⟨

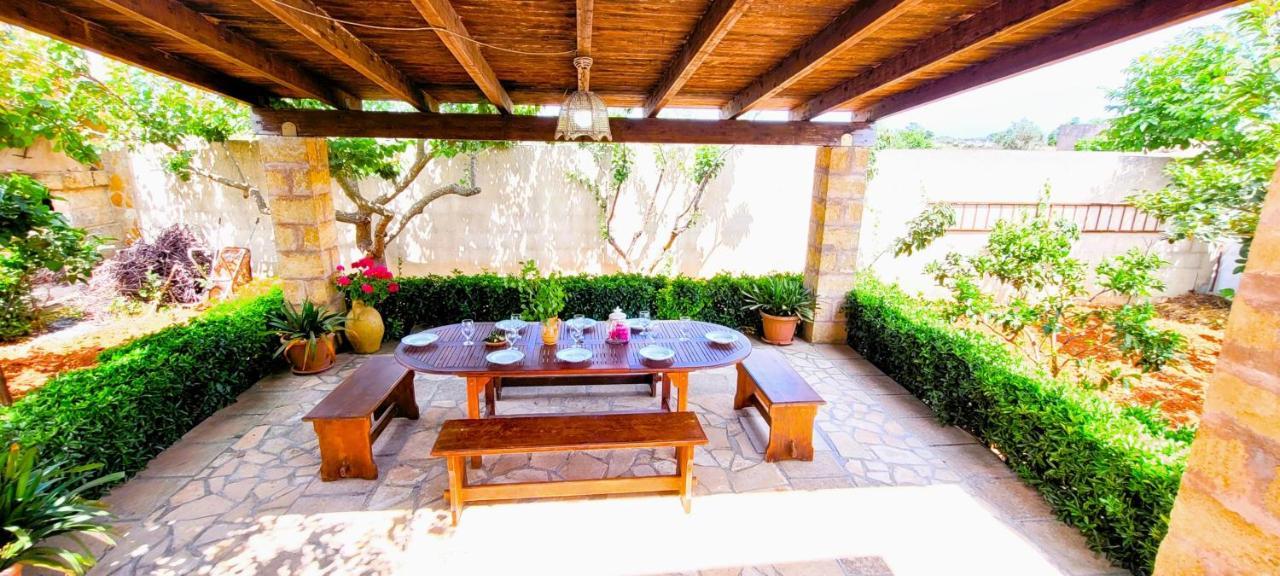 Villa Cigaline Tiggiano Bagian luar foto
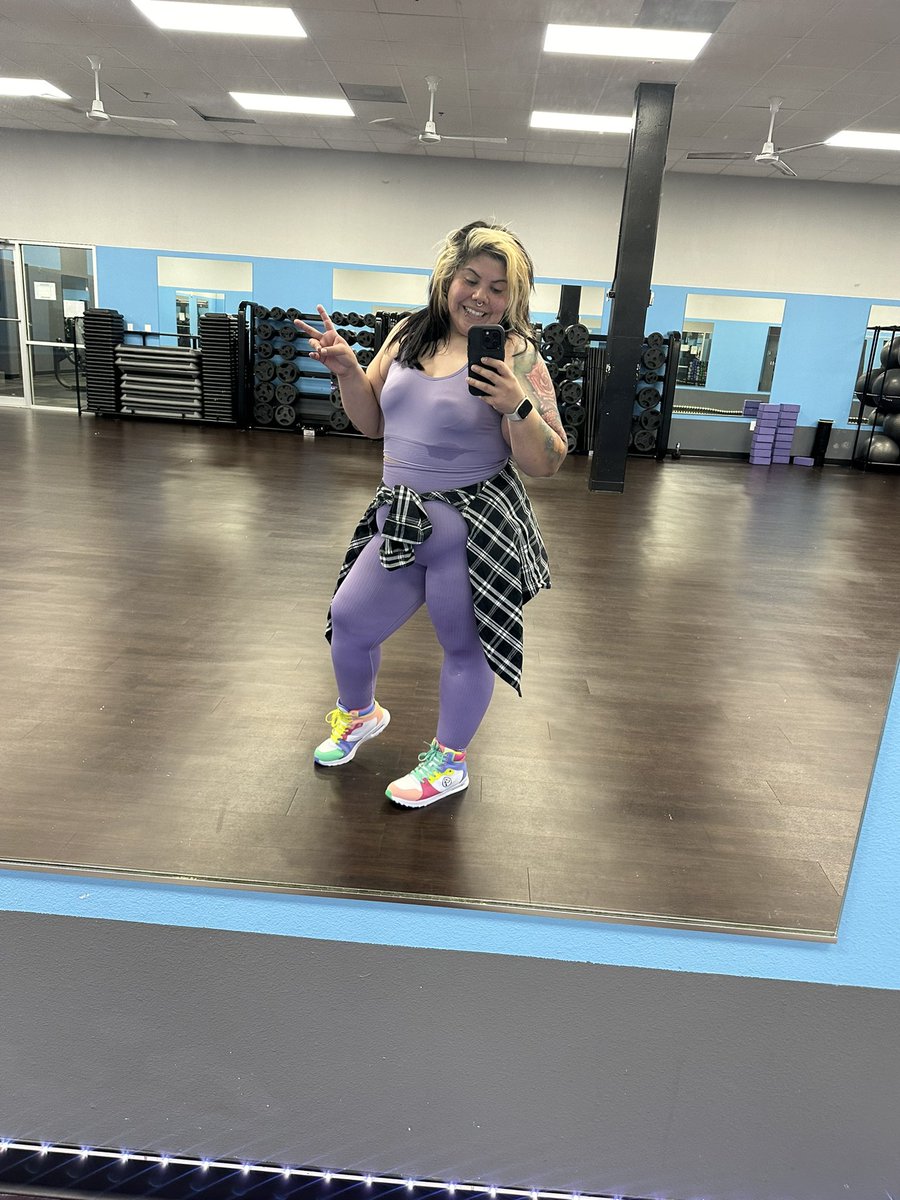 AngeeVibes's tweet photo. Before and after class 💦 
#thursdaymood https://t.co/Rn8qTdgfuv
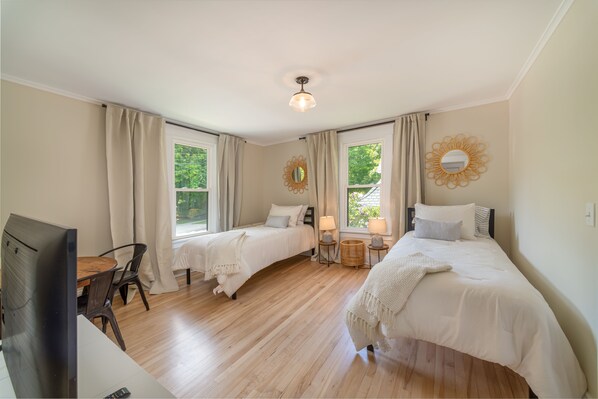4 habitaciones, tabla de planchar con plancha y wifi gratis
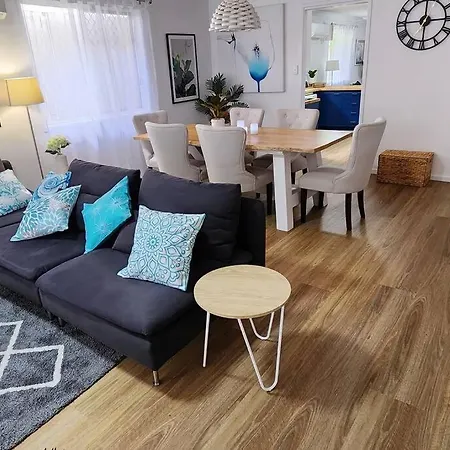 Holiday home Peaceful Getaway - Stylish, Newly Updated House *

⟩

▶ [Exercise directions]:
The task requires the full listing to be given again verbatim, without its pictures.

▶ [Solution for this exercise]:
 Villa Cigaline Tiggiano Bagian luar foto
 AngeeVibes's tweet photo. Before and after class 💦 
#thursdaymood https://t.co/Rn8qTdgfuv
4 habitaciones, tabla de planchar con plancha y wifi gratis
 Holiday home Peaceful Getaway - Stylish, Newly Updated House *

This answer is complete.